We received a large quantity of organic Walla Walla Sweet onions and needed to find creative ways to put them up, as they have a very short shelf life. We’ve been drying a ton of them, and pickled some, but I wanted to try an onion jam. I came up with this and really love it.
I was inspired by a friend’s family recipe for marsala chicken, and based the proportions of ingredients loosely on a recipe for onion thyme jam.
- 8 medium to large Walla Walla Sweet (or other sweet) onions, diced (about 5 1⁄2 cups)
- 1 tsp kosher salt ( 3⁄4 tsp if using regular salt)
- 1⁄2 cup granulated sugar
- 1⁄2 cup brown sugar
- 1 cup Marsala cooking wine (usually found near the vinegar in supermarkets)
- several twists fresh ground black pepper (probably between 1⁄8 and 1⁄4 tsp to taste)
- 1⁄2 tsp crushed rosemary
Start the onions cooking in a pot over medium heat. Add the salt to help draw moisture out of the onions. The moisture from the onions will keep it moist enough that you shouldn’t need any oil so long as you stir it pretty frequently (especially at first). As it cooks, you’ll need to tend to it less and less often. Cook for a good while until the onions are fairly soft and somewhat translucent. Remove from heat, strain to remove excess liquid, and return to the pot.
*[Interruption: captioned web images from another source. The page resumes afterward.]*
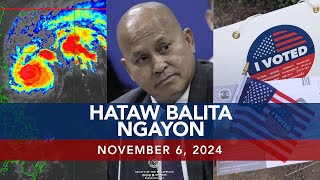 UNTV Hataw Balita Ngayon  November 06 2024 [upl. by Fellner]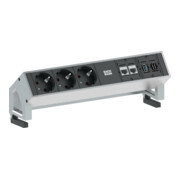 Bachmann Steckdoseneinheit 3xSchutzk.1xUSB 902.302-3
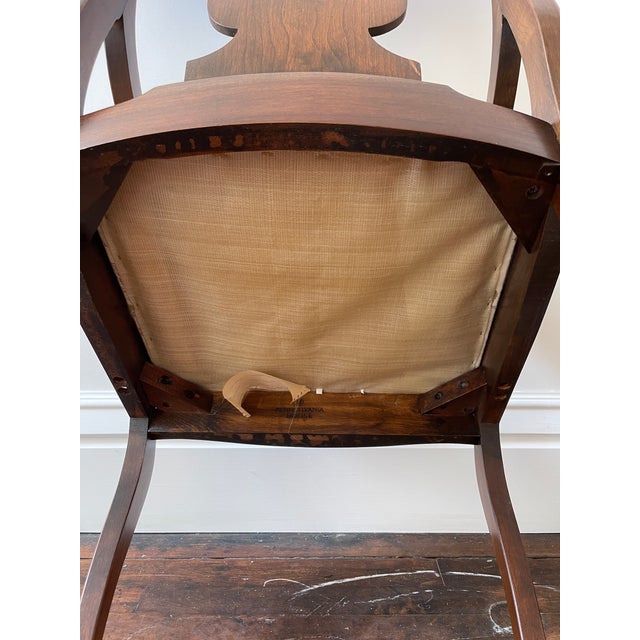 Cream 1980s Pennsylvania House Fiddleback Chair For Sale - Image 8 of 10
Add the remaining ingredients and bring to a boil. Reduce to low heat and simmer until reduced to a consistency that resembles jam. There should be just a little bit of viscous liquid on the bottom when you stir it around, but on the whole it should be pretty thick.
Spoon into hot jars leaving 1⁄2 inch headroom, adjust lids, and process 20 minutes.
Your yield will vary a lot on the size of your onions and how far you reduce it. My first batch was cut too fine and took more reducing to get the right consistency and only yielded just over two half-pints. I used a larger dice (hand crank chopper, as opposed to the food processor) on my next batch and got three half-pints.
This stuff is really rich because of how reduced the onions and wine are. It should be good on herb and other savory breads and baked goods, and is great on crackers. I imagine it would also make an excellent glaze for meats.